* **EXERCISE MATERIALS**:
Start of Block
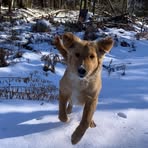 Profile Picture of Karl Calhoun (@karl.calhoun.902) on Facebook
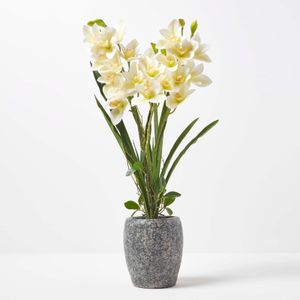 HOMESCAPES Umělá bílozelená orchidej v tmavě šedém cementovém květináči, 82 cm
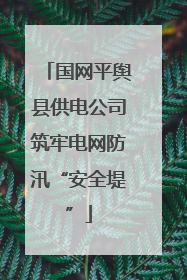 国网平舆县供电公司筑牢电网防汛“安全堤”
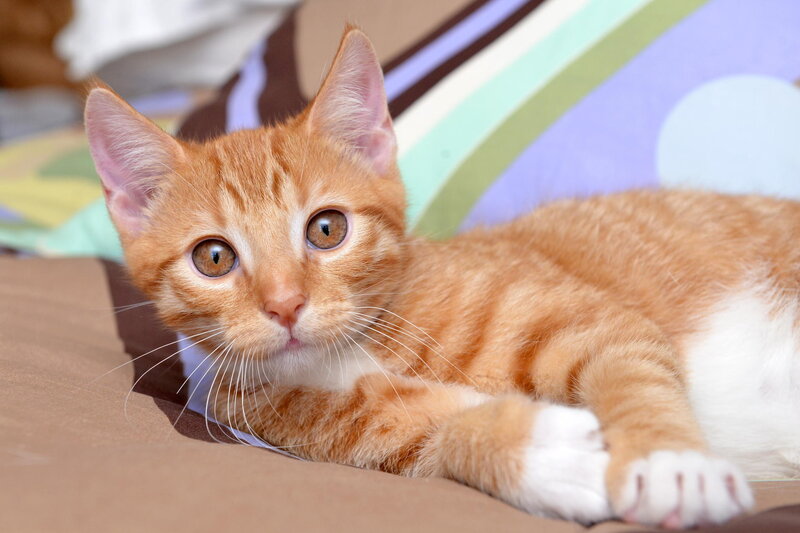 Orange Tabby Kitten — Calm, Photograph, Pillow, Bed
End of Block
Start of Block
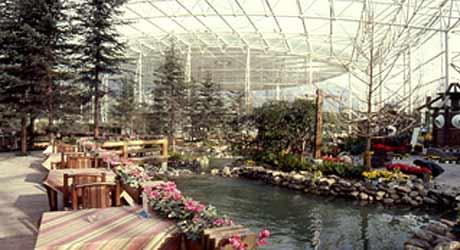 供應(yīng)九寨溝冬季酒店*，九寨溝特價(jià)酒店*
End of Block
Start of Block
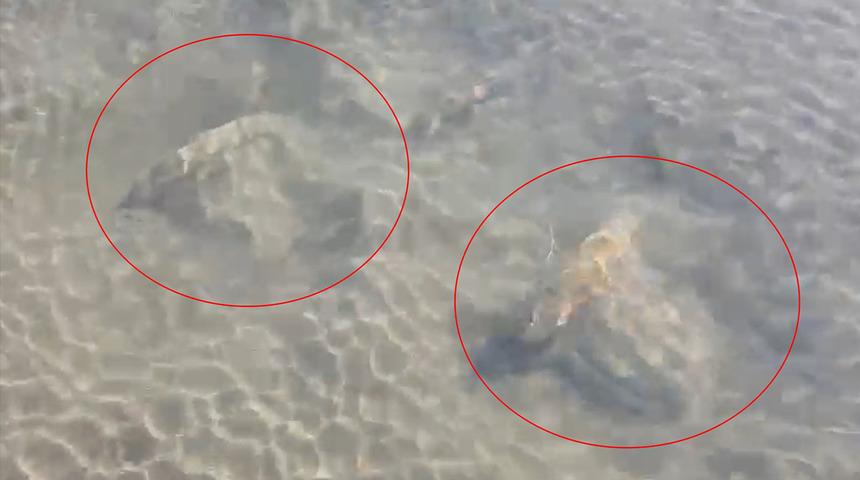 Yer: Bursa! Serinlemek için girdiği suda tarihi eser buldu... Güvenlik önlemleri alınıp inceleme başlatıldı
End of Block
* **TASK DESCRIPTION**: Your reply should hold nothing but the lines above, from the one containing "Profile Picture of" to the one containing "Orange Tabby Kitten", reproduced exactly minus the pictures.

* **RESPONSE AREA**:
 Profile Picture of Karl Calhoun (@karl.calhoun.902) on Facebook
 HOMESCAPES Umělá bílozelená orchidej v tmavě šedém cementovém květináči, 82 cm
 国网平舆县供电公司筑牢电网防汛“安全堤”
 Orange Tabby Kitten — Calm, Photograph, Pillow, Bed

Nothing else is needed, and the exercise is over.